(Stored entries)

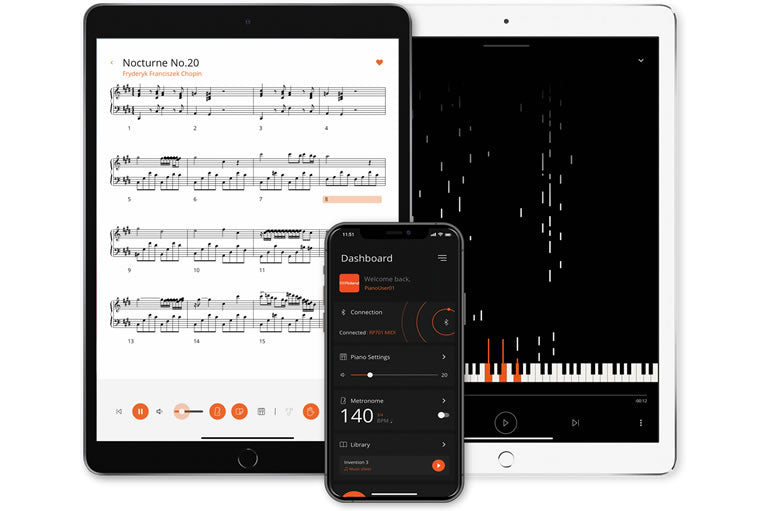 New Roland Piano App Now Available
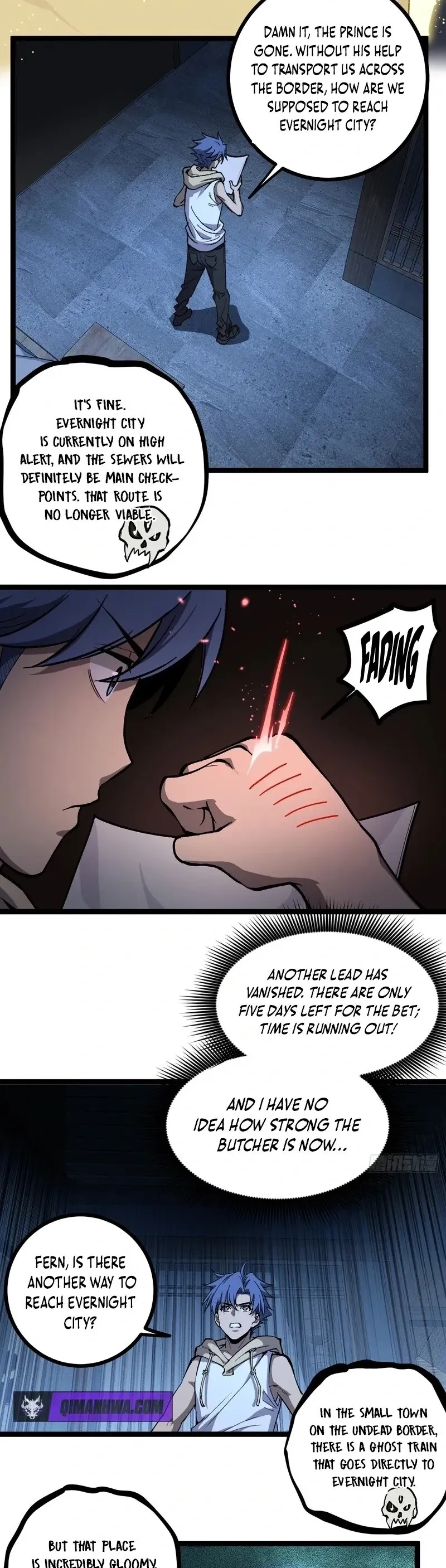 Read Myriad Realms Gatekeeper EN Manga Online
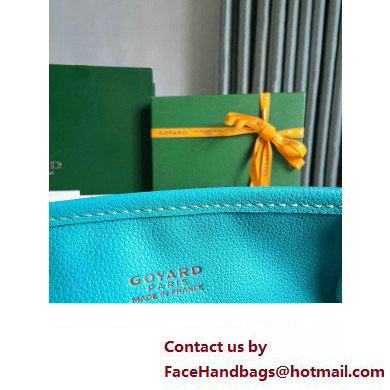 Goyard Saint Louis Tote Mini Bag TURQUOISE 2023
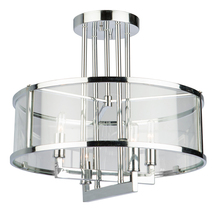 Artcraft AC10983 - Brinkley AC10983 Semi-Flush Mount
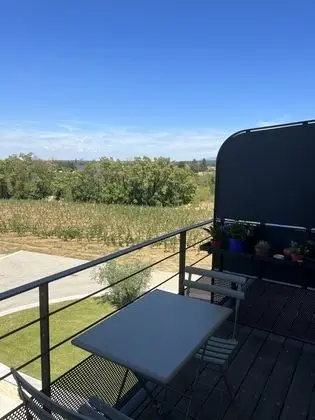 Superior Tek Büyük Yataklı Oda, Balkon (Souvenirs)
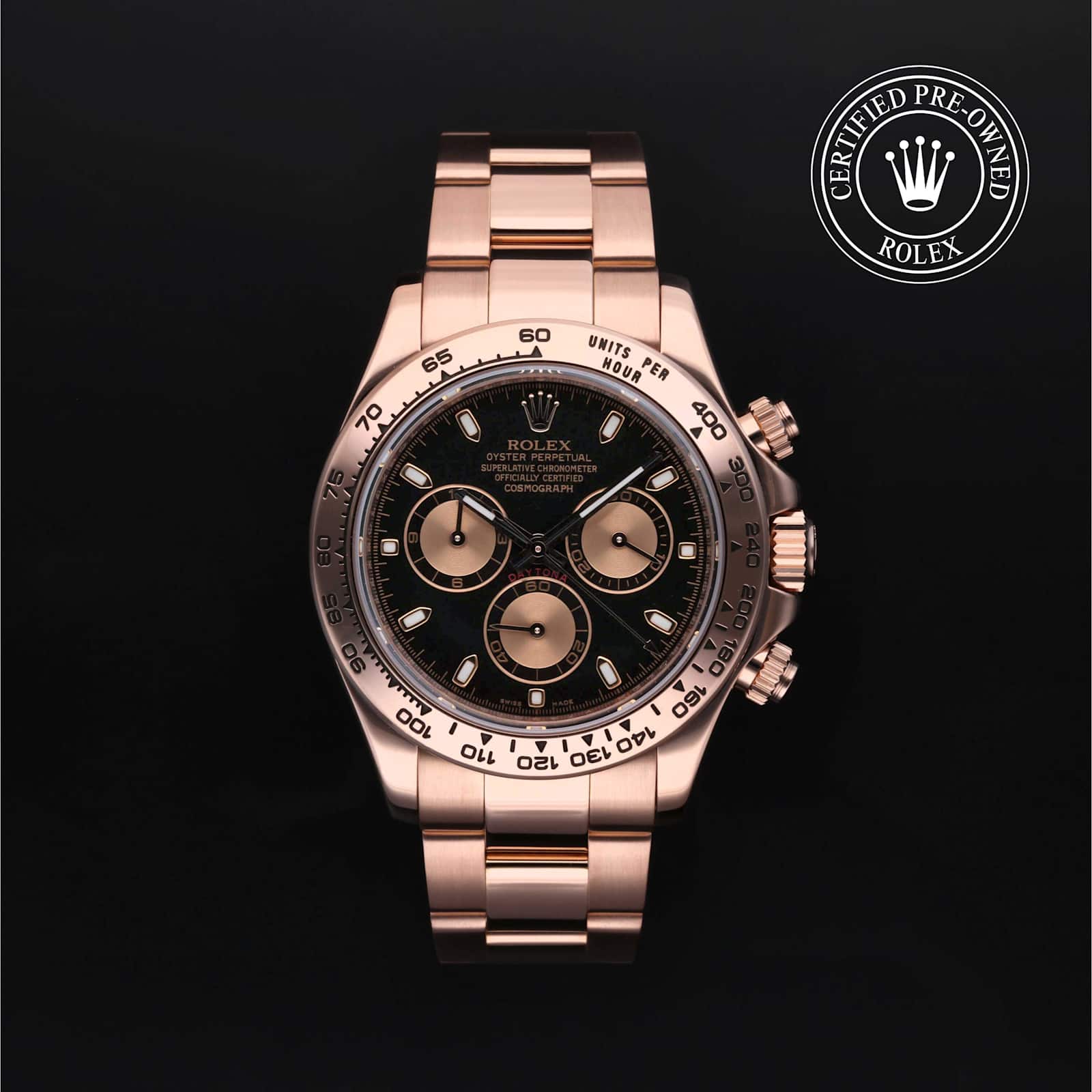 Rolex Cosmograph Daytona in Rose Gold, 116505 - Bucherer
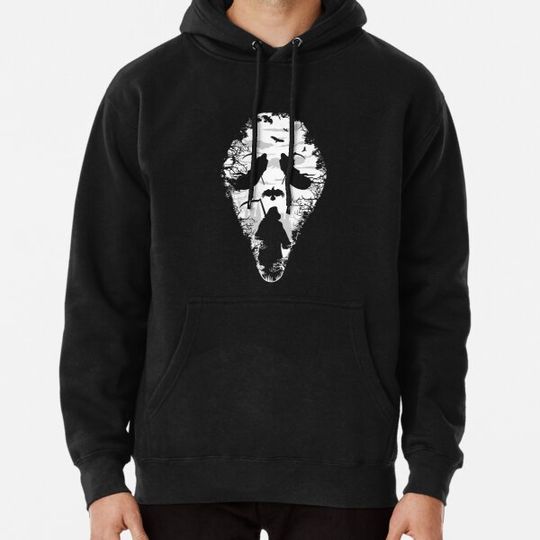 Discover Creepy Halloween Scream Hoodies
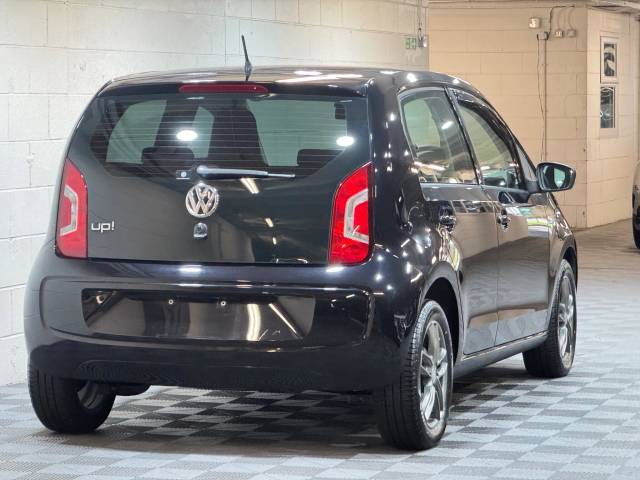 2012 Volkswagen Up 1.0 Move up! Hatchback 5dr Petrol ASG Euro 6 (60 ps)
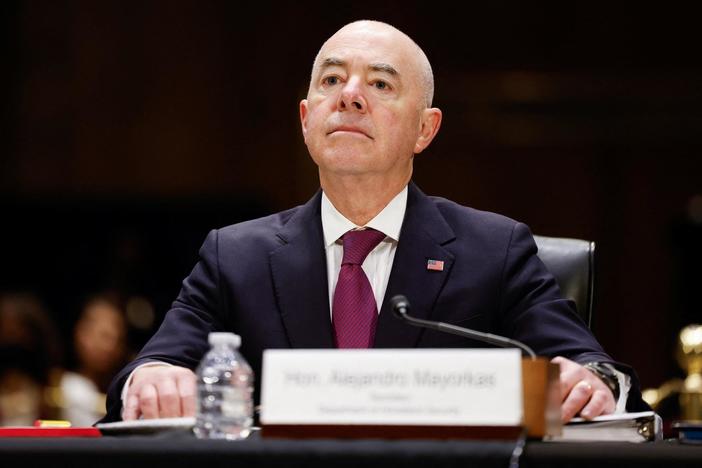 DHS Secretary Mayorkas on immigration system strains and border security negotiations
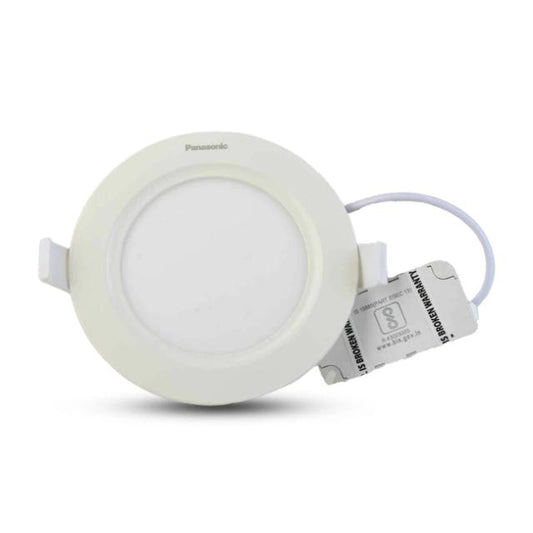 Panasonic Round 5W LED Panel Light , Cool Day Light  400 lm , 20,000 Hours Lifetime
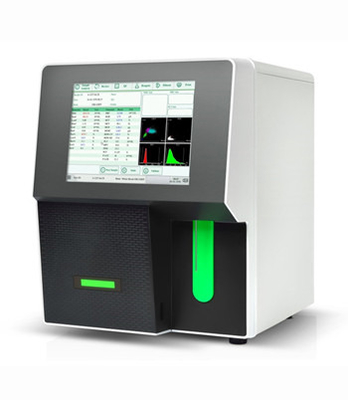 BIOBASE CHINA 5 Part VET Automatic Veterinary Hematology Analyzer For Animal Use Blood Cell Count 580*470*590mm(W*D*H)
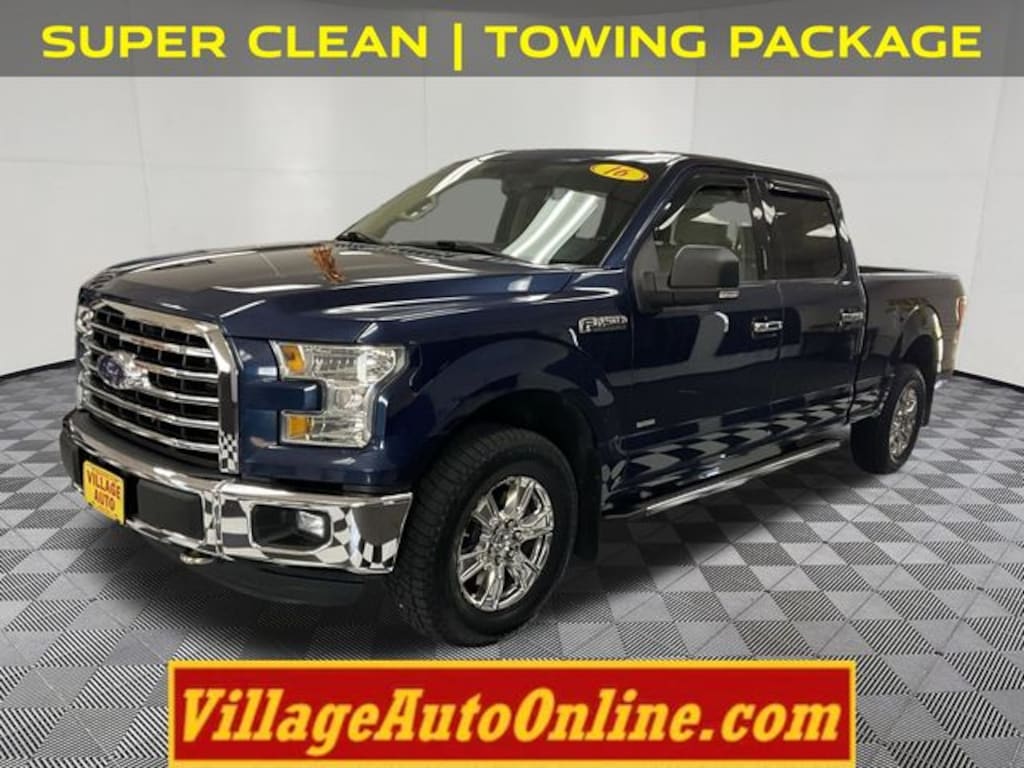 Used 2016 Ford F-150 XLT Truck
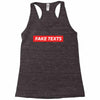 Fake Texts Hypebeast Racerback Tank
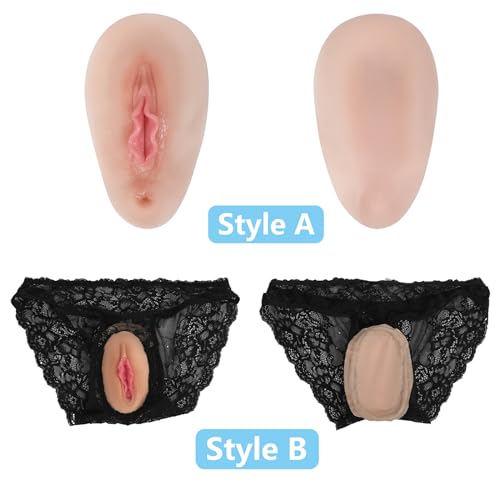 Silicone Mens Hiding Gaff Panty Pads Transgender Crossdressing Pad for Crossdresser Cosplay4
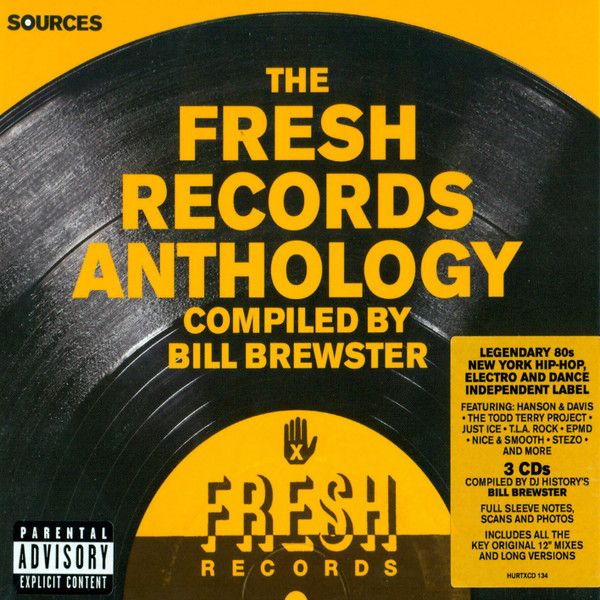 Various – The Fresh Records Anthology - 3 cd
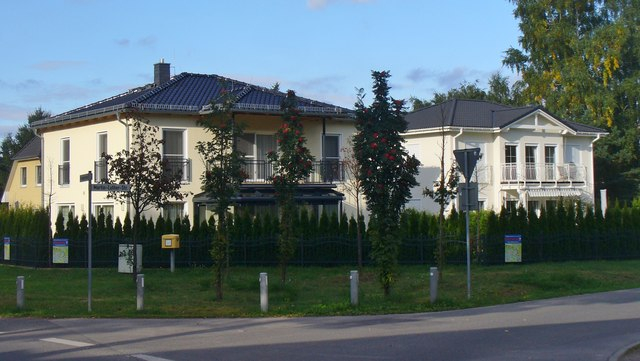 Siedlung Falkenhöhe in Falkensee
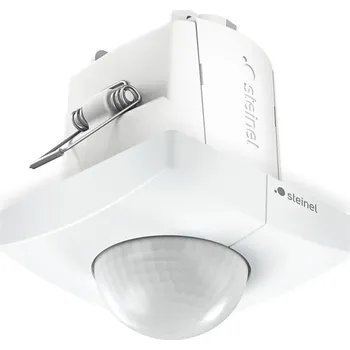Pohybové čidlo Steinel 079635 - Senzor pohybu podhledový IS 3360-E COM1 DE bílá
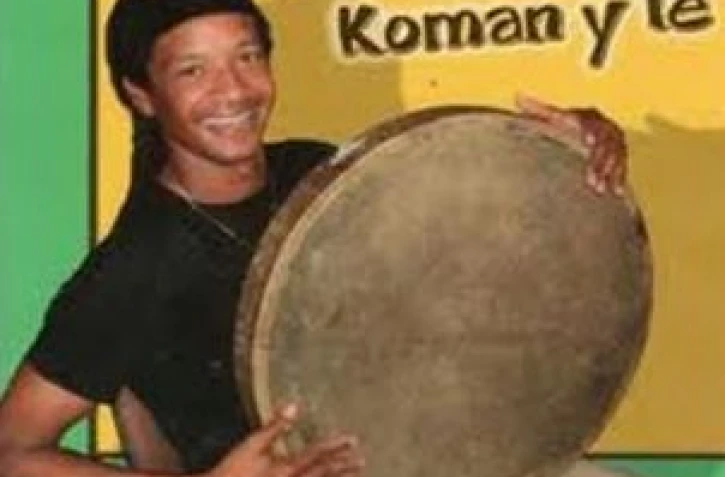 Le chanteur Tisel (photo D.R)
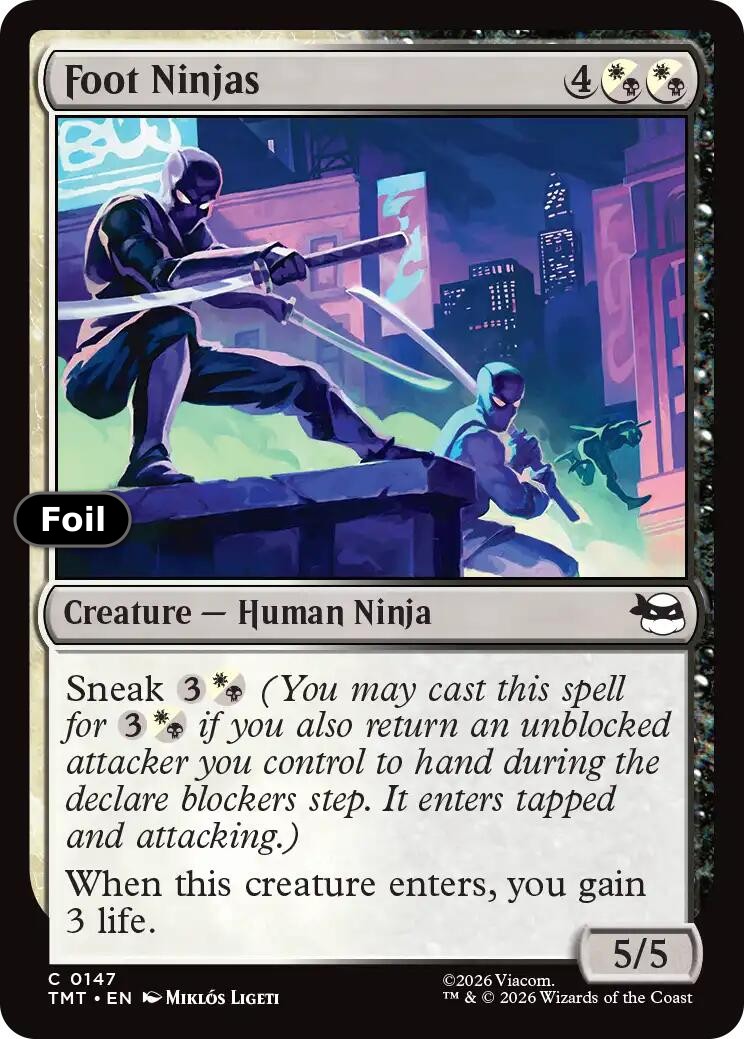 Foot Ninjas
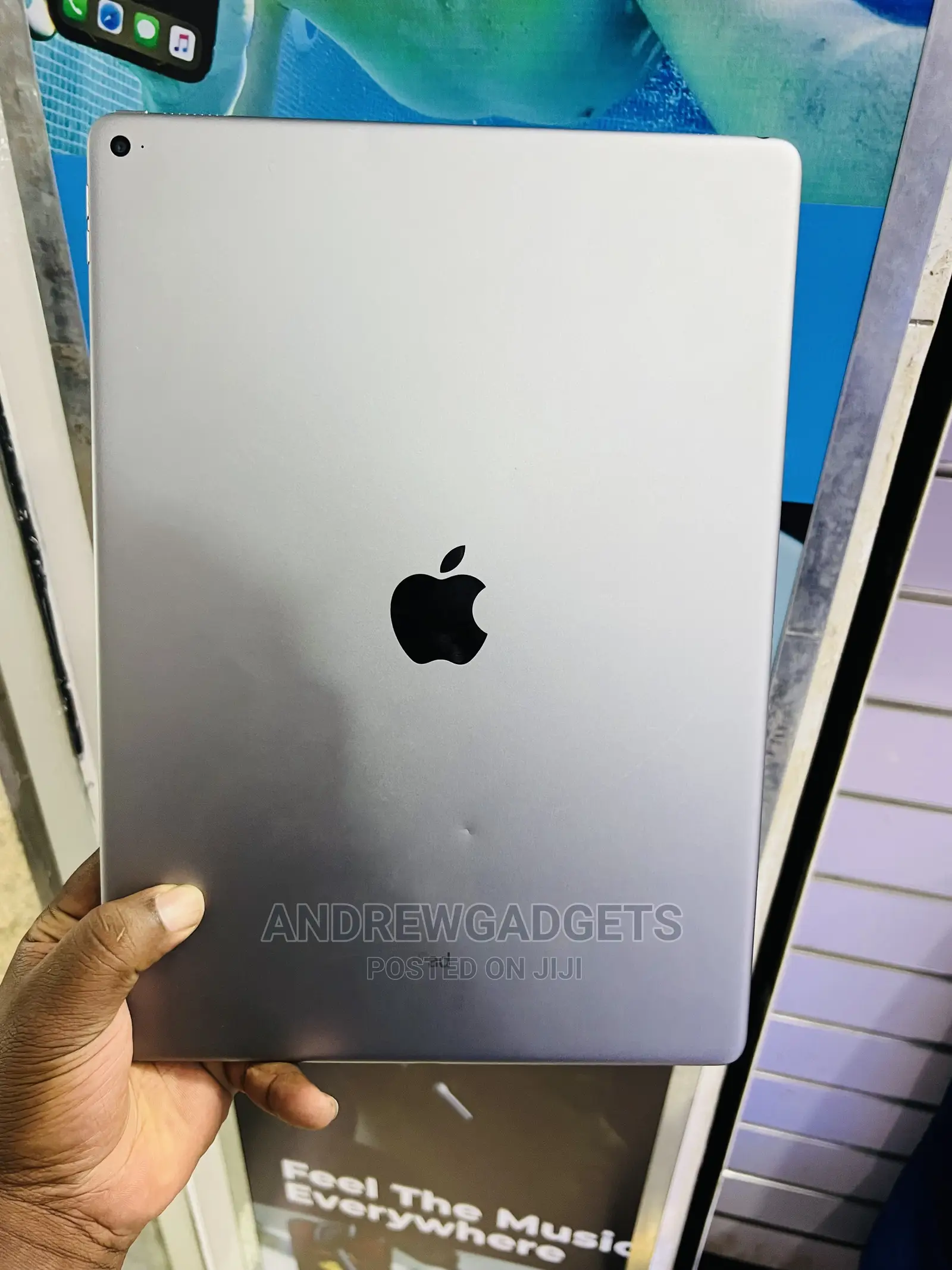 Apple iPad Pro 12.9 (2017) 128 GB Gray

### YOUR ASSIGNMENT
Reproduce the data above exactly, but only the lines from the one showing "Discover Creepy Halloween Scream Hoodies" through the one showing "Fake Texts Hypebeast Racerback Tank", with both ends kept and the pictures left out.

### REPLY
 Discover Creepy Halloween Scream Hoodies
 2012 Volkswagen Up 1.0 Move up! Hatchback 5dr Petrol ASG Euro 6 (60 ps)
 DHS Secretary Mayorkas on immigration system strains and border security negotiations
 Panasonic Round 5W LED Panel Light , Cool Day Light  400 lm , 20,000 Hours Lifetime
 BIOBASE CHINA 5 Part VET Automatic Veterinary Hematology Analyzer For Animal Use Blood Cell Count 580*470*590mm(W*D*H)
 Used 2016 Ford F-150 XLT Truck
 Fake Texts Hypebeast Racerback Tank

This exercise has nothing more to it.